→ Source records:
☆ ☆ ☆ ☆ ☆ ☆ ☆
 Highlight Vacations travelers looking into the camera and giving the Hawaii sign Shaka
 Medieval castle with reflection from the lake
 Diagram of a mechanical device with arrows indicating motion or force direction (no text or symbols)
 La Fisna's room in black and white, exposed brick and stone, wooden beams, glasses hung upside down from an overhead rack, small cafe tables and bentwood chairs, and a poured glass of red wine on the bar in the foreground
☆ ☆ ☆ ☆ ☆ ☆ ☆
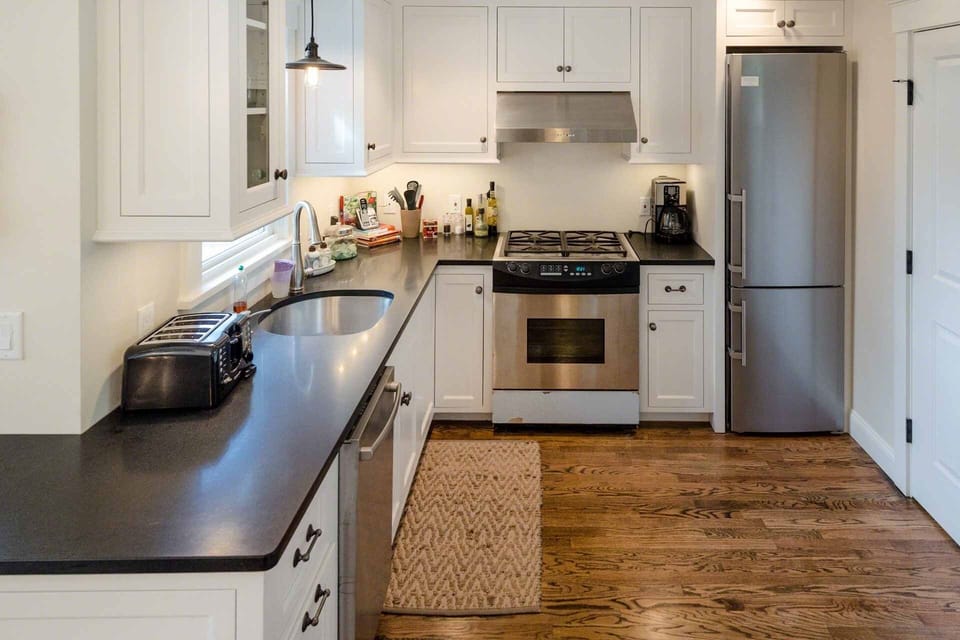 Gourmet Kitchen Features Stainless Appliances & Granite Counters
☆ ☆ ☆ ☆ ☆ ☆ ☆
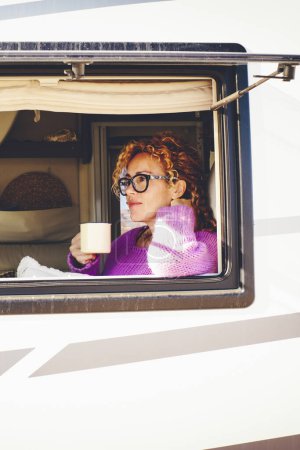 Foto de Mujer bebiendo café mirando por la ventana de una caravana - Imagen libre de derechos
☆ ☆ ☆ ☆ ☆ ☆ ☆
Set down, exactly as they appear above, all lines from the one that has "Highlight Vacations travelers" down to the one that has "Diagram of a", including those two and no others.

→ Written answer:
 Highlight Vacations travelers looking into the camera and giving the Hawaii sign Shaka
 Medieval castle with reflection from the lake
 Diagram of a mechanical device with arrows indicating motion or force direction (no text or symbols)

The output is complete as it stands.